Exercise:
Could you set down exactly the lines of the data below, starting at the one that holds "Yellow Laptop Bag, Briefcase, Satchel" and ending at the one that holds "Circular Embroidery Hoop", both included, and only those?
##### Input data
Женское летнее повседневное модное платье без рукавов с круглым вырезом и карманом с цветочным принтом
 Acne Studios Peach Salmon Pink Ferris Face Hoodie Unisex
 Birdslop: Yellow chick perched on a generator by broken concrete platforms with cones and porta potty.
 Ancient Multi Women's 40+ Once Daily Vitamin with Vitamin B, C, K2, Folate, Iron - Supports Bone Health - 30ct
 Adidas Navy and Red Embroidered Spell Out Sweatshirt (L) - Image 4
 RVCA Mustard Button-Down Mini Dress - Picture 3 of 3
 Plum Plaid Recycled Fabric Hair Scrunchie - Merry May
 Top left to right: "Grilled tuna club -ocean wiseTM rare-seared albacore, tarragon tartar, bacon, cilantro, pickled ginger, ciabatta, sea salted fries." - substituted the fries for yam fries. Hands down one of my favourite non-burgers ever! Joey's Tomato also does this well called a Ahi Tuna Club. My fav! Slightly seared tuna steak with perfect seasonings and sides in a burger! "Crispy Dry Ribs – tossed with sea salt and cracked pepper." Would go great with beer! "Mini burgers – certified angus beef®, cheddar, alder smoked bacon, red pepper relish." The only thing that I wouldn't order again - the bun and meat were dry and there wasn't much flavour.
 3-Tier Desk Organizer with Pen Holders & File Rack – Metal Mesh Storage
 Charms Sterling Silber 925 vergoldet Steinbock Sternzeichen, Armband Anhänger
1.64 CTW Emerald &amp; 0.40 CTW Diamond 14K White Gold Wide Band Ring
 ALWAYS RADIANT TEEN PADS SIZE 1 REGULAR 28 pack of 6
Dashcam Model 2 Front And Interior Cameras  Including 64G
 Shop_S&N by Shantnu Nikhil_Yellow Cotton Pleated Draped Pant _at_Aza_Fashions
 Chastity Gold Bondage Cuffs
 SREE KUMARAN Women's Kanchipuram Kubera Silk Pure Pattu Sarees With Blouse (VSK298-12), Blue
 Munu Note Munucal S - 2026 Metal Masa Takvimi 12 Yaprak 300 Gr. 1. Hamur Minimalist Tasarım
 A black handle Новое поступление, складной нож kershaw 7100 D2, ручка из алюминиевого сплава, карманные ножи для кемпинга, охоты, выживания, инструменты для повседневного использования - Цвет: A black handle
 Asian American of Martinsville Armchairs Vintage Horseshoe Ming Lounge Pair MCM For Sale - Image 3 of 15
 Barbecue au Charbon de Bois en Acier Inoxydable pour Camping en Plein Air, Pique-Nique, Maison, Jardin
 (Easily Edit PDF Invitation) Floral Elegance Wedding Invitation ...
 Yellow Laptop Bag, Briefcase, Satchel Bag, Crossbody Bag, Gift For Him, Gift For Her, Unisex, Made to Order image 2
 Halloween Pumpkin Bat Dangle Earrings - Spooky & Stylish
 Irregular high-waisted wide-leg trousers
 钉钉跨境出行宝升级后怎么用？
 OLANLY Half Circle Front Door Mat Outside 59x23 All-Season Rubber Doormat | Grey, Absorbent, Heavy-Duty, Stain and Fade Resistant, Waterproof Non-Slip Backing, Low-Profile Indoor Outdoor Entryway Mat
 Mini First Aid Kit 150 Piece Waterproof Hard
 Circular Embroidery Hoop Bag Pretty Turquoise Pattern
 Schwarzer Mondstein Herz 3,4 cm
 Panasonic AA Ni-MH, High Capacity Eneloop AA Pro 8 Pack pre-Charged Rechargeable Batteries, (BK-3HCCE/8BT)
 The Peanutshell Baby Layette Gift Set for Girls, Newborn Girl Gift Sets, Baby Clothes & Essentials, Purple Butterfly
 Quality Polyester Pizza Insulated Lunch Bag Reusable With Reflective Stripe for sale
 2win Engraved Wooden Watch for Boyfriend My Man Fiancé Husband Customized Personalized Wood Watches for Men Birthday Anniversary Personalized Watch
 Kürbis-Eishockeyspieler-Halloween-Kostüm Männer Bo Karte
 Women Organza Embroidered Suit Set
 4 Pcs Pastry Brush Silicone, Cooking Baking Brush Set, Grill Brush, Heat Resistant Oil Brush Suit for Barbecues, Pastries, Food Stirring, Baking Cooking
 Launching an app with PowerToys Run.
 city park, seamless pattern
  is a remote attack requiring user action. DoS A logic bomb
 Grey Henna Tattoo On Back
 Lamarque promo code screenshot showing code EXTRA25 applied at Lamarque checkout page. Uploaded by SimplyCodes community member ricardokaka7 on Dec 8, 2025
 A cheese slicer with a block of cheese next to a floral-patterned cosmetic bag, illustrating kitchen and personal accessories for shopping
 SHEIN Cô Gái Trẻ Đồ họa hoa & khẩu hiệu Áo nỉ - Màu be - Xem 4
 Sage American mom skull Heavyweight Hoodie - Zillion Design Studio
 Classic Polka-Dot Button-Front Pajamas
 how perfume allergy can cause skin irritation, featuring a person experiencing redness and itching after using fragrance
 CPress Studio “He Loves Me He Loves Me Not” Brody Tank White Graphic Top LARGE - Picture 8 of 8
##########
Answer to this exercise:
 Yellow Laptop Bag, Briefcase, Satchel Bag, Crossbody Bag, Gift For Him, Gift For Her, Unisex, Made to Order image 2
 Halloween Pumpkin Bat Dangle Earrings - Spooky & Stylish
 Irregular high-waisted wide-leg trousers
 钉钉跨境出行宝升级后怎么用？
 OLANLY Half Circle Front Door Mat Outside 59x23 All-Season Rubber Doormat | Grey, Absorbent, Heavy-Duty, Stain and Fade Resistant, Waterproof Non-Slip Backing, Low-Profile Indoor Outdoor Entryway Mat
 Mini First Aid Kit 150 Piece Waterproof Hard
 Circular Embroidery Hoop Bag Pretty Turquoise Pattern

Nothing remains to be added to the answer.